Friday, September 09, 2016

Goodbye, Lewis Merenstein
















I'm hearing word that Lewis Merenstein has died. Merenstein was the producer of Van Morrison's holy Astral Weeks and the man responsible for bringing Richard Davis (pictured with Merenstein above) and other jazz musicians onto the date. If you've heard the album, you know that the seemingly simple act of assembling the group lies at the heart of its genius.

Here is my detailed 2009 interview with Mr. Merenstein on the making of the album. I only spent a couple hours with him, at a little restaurant on the Upper West Side, but I remember him as an exceedingly warm and gracious man.
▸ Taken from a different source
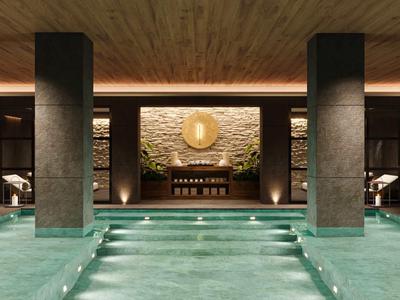 Moderner Innenpool mit stimmungsvoller Beleuchtung und steinverkleideter Wand in einem Luxushotel.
Four decades after the album's release, he still seemed to stand in awe of what Morrison and the musicians had achieved that day.

Fitting, since, to my knowledge, there is nothing else like this music anywhere:



The producer's art is a humble one, but in some special cases such as this, the handling of logistics, the calling of the shots, as it were, becomes a kind of spellcasting, and something new happens within the music that wouldn't have happened before. An idea — "What would happen if we brought this person into the mix?" — becomes the key that unlocks some untapped potential within the artist. In this case, it happened exactly once. Morrison and Merenstein would go on to make Moondance together, an excellent album that exists on a whole different plane: a pop masterpiece rather than some kind of heavenly avant-folk-jazz soundbath.

It's probably just as well that there isn't another record like this. It's the sound of a convergence, a moment, of various aesthetic currents crossing just that once. Thank you, Lewis Merenstein, for making it happen.